Lujan vs State- CCA approves drug detection roadblocks, if the cops don't call it a drug detection roadblock

The legislature has batted around the idea of DWI checkpoints for years. Fortunately, our elected officials have never decided to approve the deplorable practice of treating every Texas driver like a criminal sans cause.

Despite the best efforts of MADD, Texans want the police solving crime, not harassing innocent motorists.

Fortunately for the "papiere bitte" crowd, the legislature isn't the only way to create new police powers in Texas. Save that lobbyists money MADD, invest in a few Amicus Curiaes instead. A body of elected officials in Austin just approved drug detection roadblocks, and it wasn't the legislature.

Lujan vs State- (here is a good summary at Justice for Yall)

What happened? The El Paso Sheriff set up a roadblock, in which they stop, detained, and harassed drivers without cause. The deputies testified that the "primary purpose" of this roadblock, was to check for insurance/ DLs. But they just happened to have a K-9 drug detection unit nearby, to, you know, help check for insurance.

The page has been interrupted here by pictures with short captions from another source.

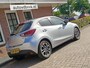 Mazda 2 1.5 Skyactiv-G TS+, LED / STOELVERWARMING / PDC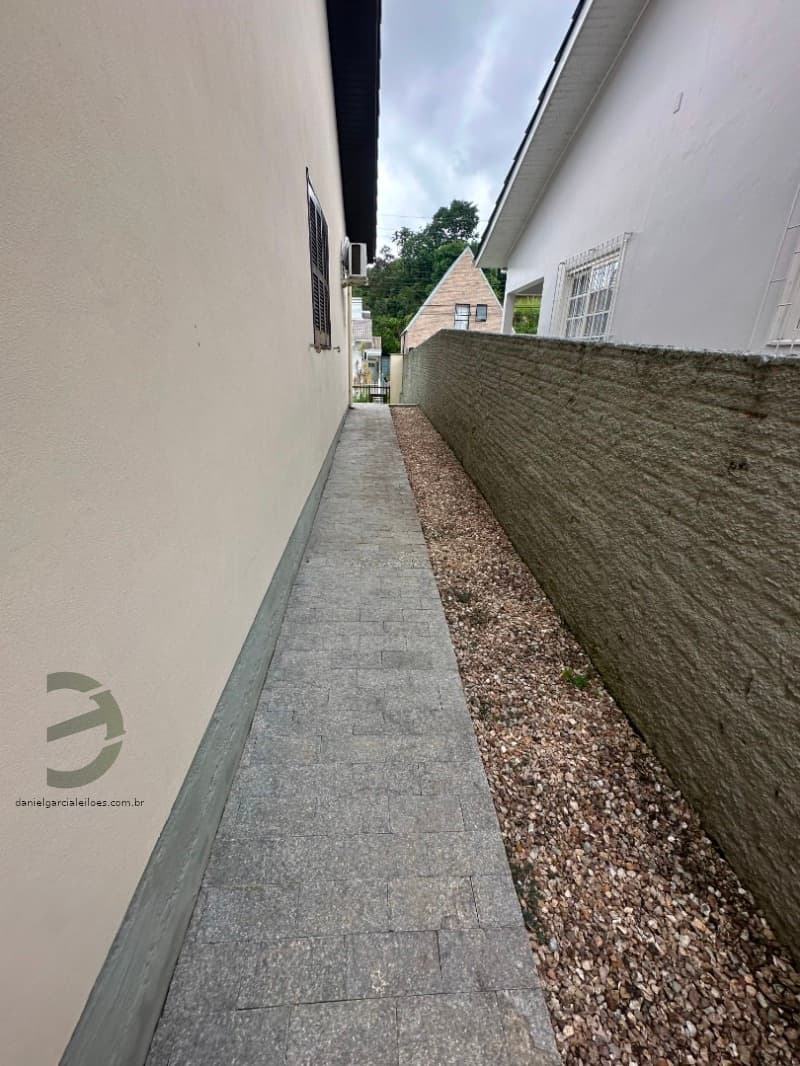Foto 4 de 10: Terreno em leilão em Criciúma - SC — LOTE 002 Imóvel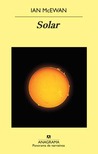 Solar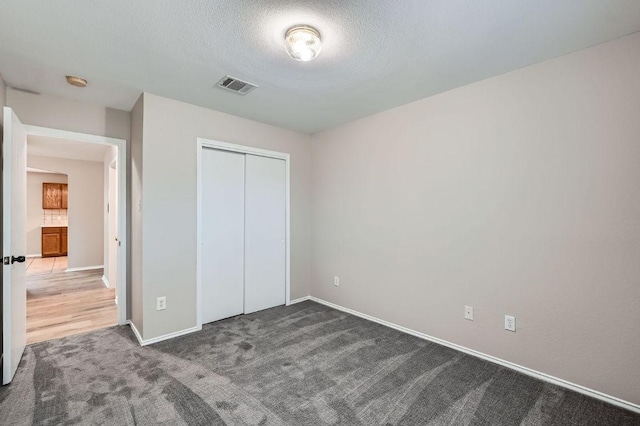 123 Remington Dr, Kyle, TX 78640 - photo 21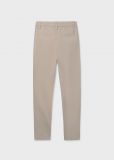 Pantalone Mayoral - beige - 2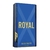 Royal X Omerta EDT Masculino 100ml na internet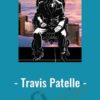 Board Room - Travis Patelle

Lujan was detained, didn't have his license, the K-9 was unleashed on his car, and the cops found a few grams of cocaine. Drug war rant- engage! Think about the tax dollars wasted on the prosecution and appeals, all over a few grams of coke. What, is El Paso out of blow now? What if Lujan was going to be the next Barack Obama, or W? Both former cocaine consumers who didn't get caught, and became POTUS. Did I mention that over 30,000 Mexicans have died in the last 4 years because we gave the cartels a monopoly on the American cocaine market. And if that's not enough now the government wants to repeal another piece of the 4th Amendment to save this meaningless conviction. Ok. Back to Lujan's appeal.

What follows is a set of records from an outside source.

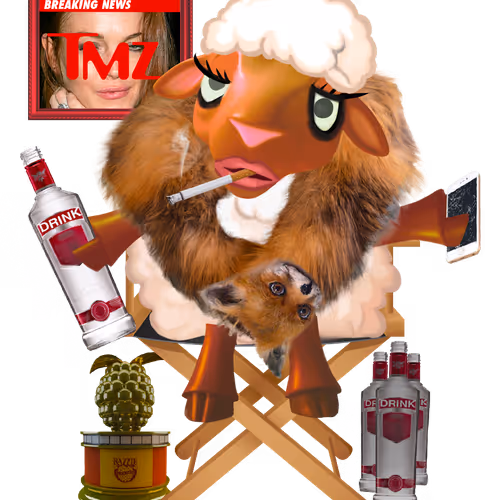 6097760794607975910565550272755516320811665134962792185024945737062630293534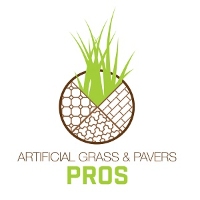 Artificial Grass Pros of Tampa Bay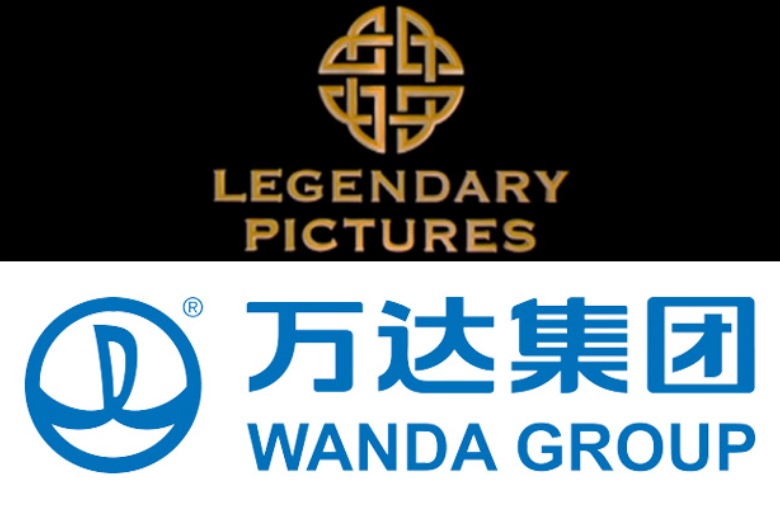 Legendary-Wanda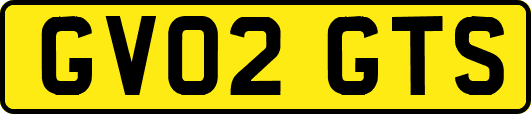 GV02GTS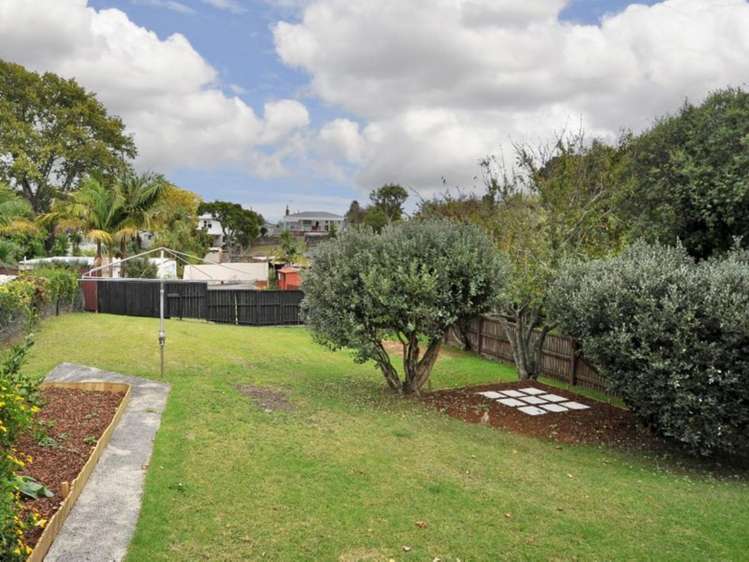 27 Beaumonts Way Manurewa_6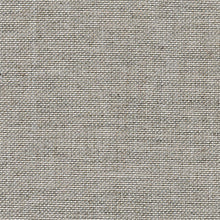 Load image into Gallery viewer, Neutral beige fabric texture close-up showing woven material pattern for patio umbrella canopy
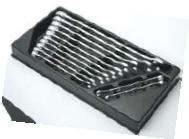     4  (21-32mm)  965/4  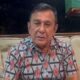 Ketum MPN Pemuda Pancasila Japto Instruksikan Kader PP Tak Terprovokasi: Mari Bersatu Tak ada Lagi Konflik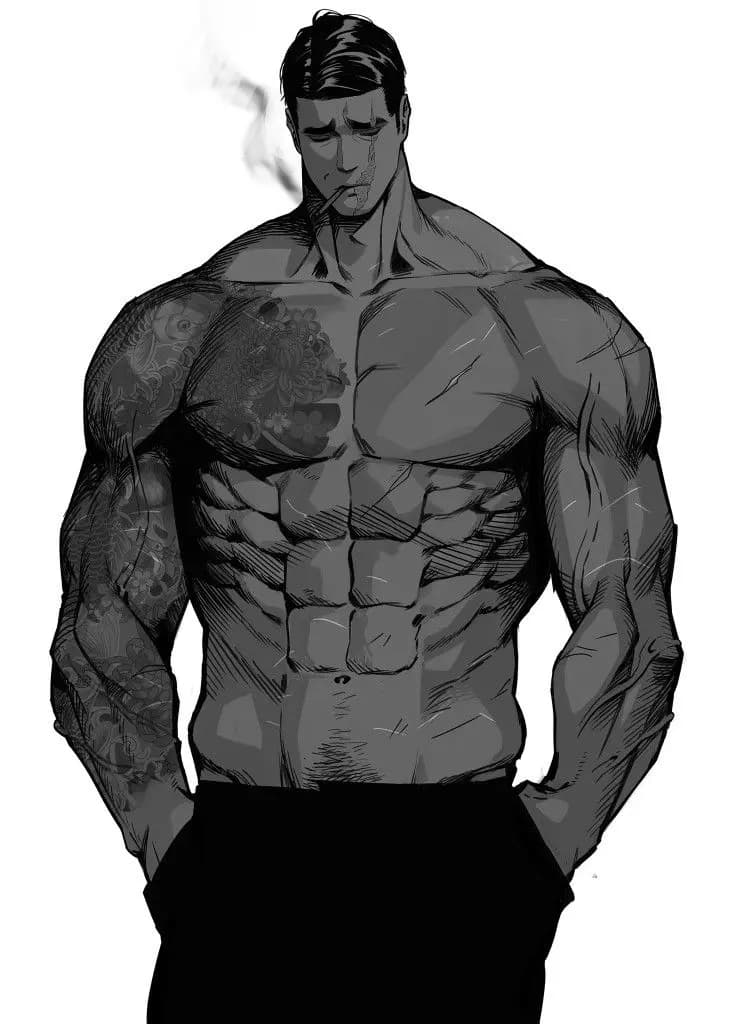 Lucas Dominico  thumbnail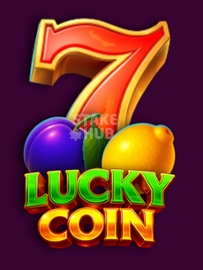 20 Royal Hot Lucky Coin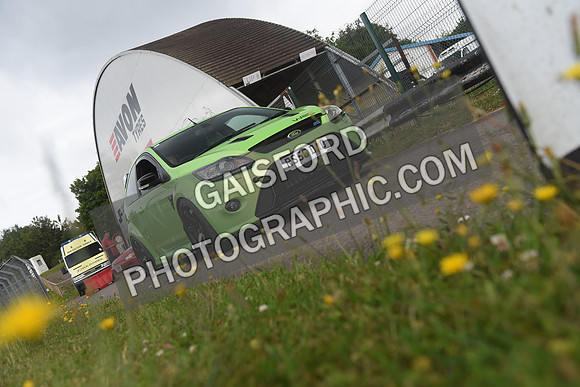 RS COMBE 0031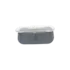 Impacked Packaging
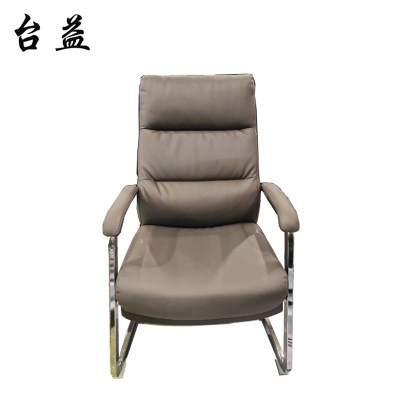 台益 会议椅 TY-Y0607X 630*630*1080mm 把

Lujan appealed his conviction, arguing that this roadblock was a subterfuge to check for drugs and a 4h Amendment violation. The court of criminal appeals disagreed.

From the opinion-

If the primary purpose of the checkpoint is lawful- a license check as opposed to general law enforcement-police can act on other information that arises at the stop. The checkpoint's primary purpose of license and insurance verification does not prohibit police from considering other unrelated offenses that they discover during the stop. Edmond, 531 U.S. at 48. In Edmond, the Supreme Court made clear that officers are not required to conduct the license and registration check wearing blinders and ignoring any other violations of the law that they observe. Officers can still act on what they learn during a checkpoint stop, even if that results in the arrest of the motorist for an offense unrelated to the purpose of the checkpoint. Id.

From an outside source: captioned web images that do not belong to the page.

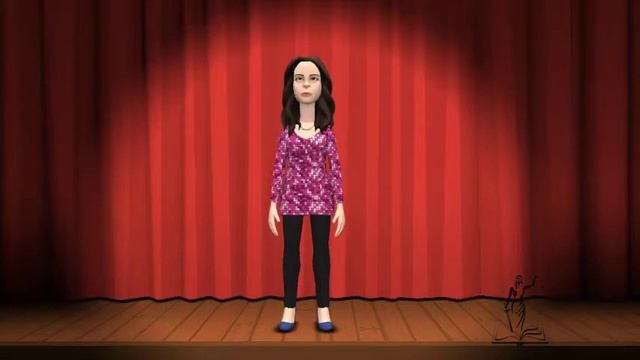 The Benefits Of Exercise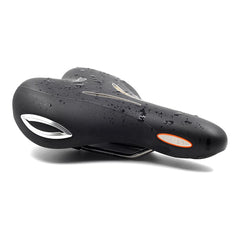 Selle Royal Lookin Moderate Unisex Saddle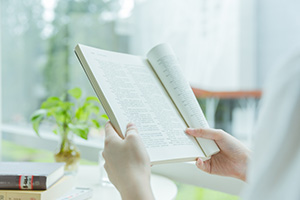 \ZW(xu)У鱤W(xu)ԺZЩ(yu)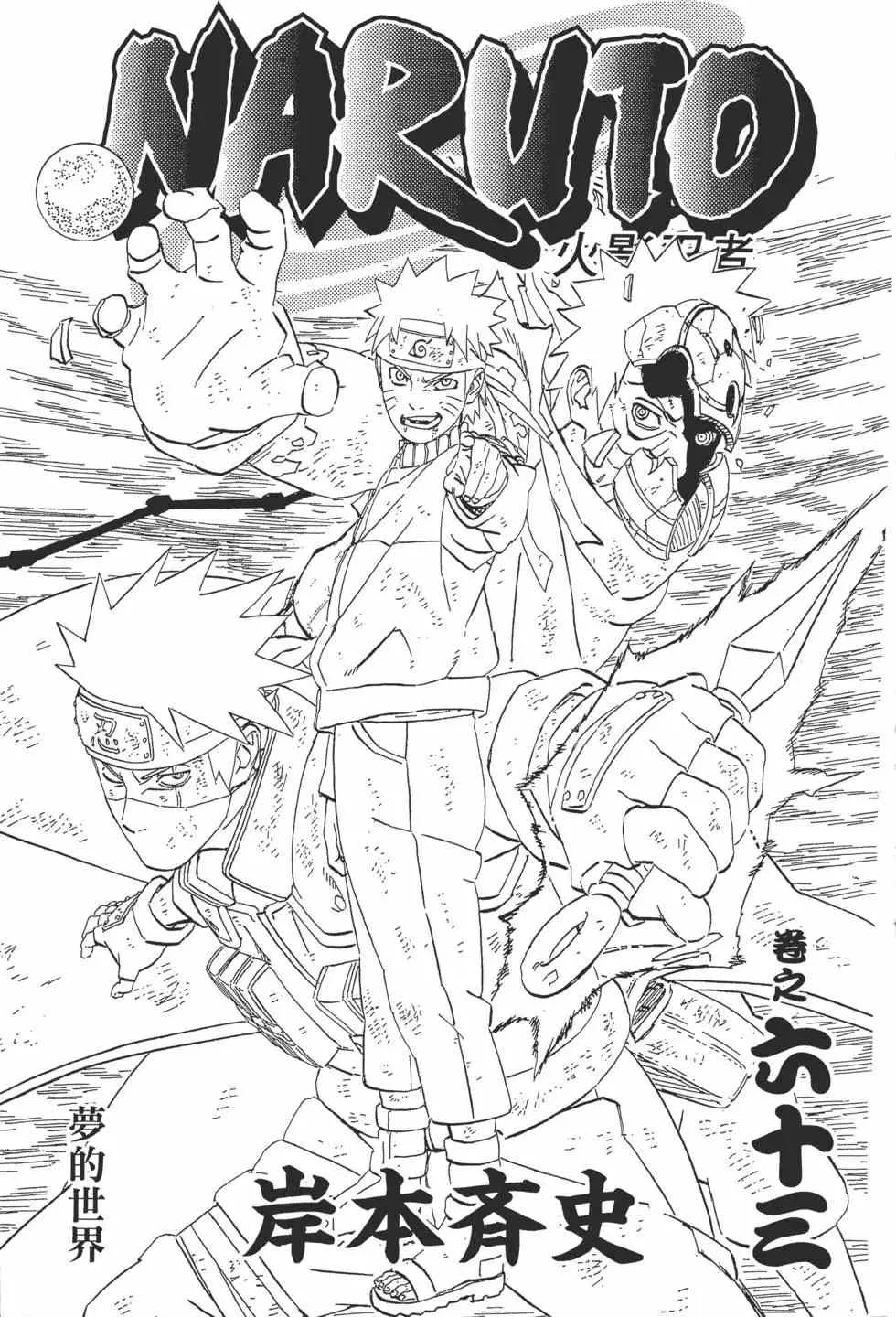 第62卷 第198页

A brief suspicionless stop at a checkpoint is constitutionally permissible if its primary purpose is to confirm drivers' licences and registration and not general crime control. Id., at 39. In denying the motion to suppress, the trial court implicitly found that the primary purpose of this checkpoint was a permissible license and insurance check. Ross, 32 S.W.3d at 855. This finding was supported by the record.

That almost sounds like protection from over zealous police checkpoints. But guess what? Right now, every cop in the State is being told to testify their checkpoint was just to check for DLs/insurance. Police policy memos will be drafted stating that the "primary purpose" is not for drugs/DWI, but have a K-9 unit, or DWI investigator handy anyway.

It's a drug detection roadblock in all but name, all cops have to do is apply the right label to their activity, and it can pass fourth amendment muster. Words spoke louder than actions in Lujan.